By Nancy Anderson-Dolan of WiseHeart Wellness Services
The vast majority of people who struggle with food and weight experience
this phenomenon. Eating is a mask for so many bad feelings. There is almost
always a period of readjustment that includes feeling bad. Eating is an
immediate comforting response that often moderates both physical and
emotional pain. When we stop using food, that original pain is brought back
into focus, as well as the new pain that the overeating may cause. Masked
emotional pain often leads to physical problems and so the journey to
wellness has to pass through all these things.

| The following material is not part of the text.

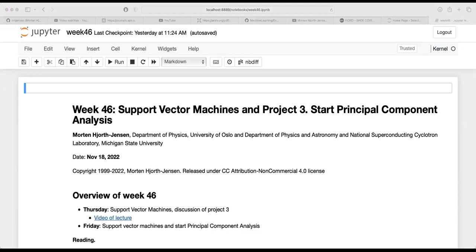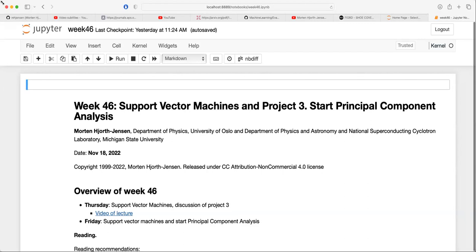Welcome back. The topic today is to finalize the discussion about support vector machines. Since nobody suggested a topic for project number three, we are not going to have a workshop this year, because next week is the last teaching week. However, if you wish to share things, you can send suggestions via Canvas and the chat function, and then people may collaborate with you on a given variant of project number three.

Even if we haven’t had trauma and tragedy, we often have not learned how to
effectively moderate our emotional experiences and so end up eating over
them. This way of coping doesn’t discharge the painful emotional energy. It
actually stores it up, generating anxiety that leads to shutting down to
cope (often with food) and a feeling of being disconnected. Without the
food, this all comes up as depression and loneliness.

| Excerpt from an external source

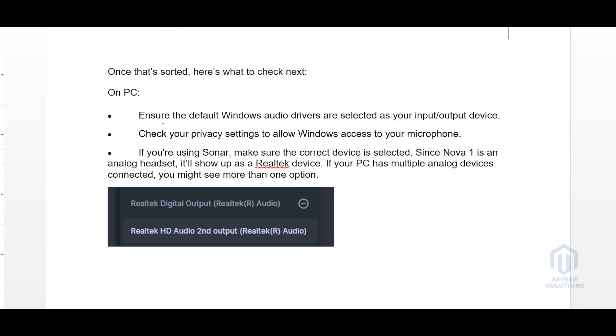If your PC has multiple analog devices connected, you might see more than one option. Here you can select the device which is Realtek HD Audio 2nd output (Realtek Audio).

So there are many, many reasons that we feel bad when we eat well. This may
all seem terribly depressing, but it is truly amazing how simply and quickly
we can learn to live with our discomfort and actually use it to heal
ourselves. It is possible to move through even years of accumulated and
unresolved emotional experience just by paying attention to what is coming
up in your body. If you struggle to do this on your own or have a traumatic
history, find a therapist that can help you reintegrate your emotional and
physical experiences.
Long-term weight mastery depends on being able to be comfortable with
discomfort. By understanding that the discomfort is part of the journey and
actually a valuable indicator that something needs to be felt not fixed, you
can begin to make good use of the pain as it comes up.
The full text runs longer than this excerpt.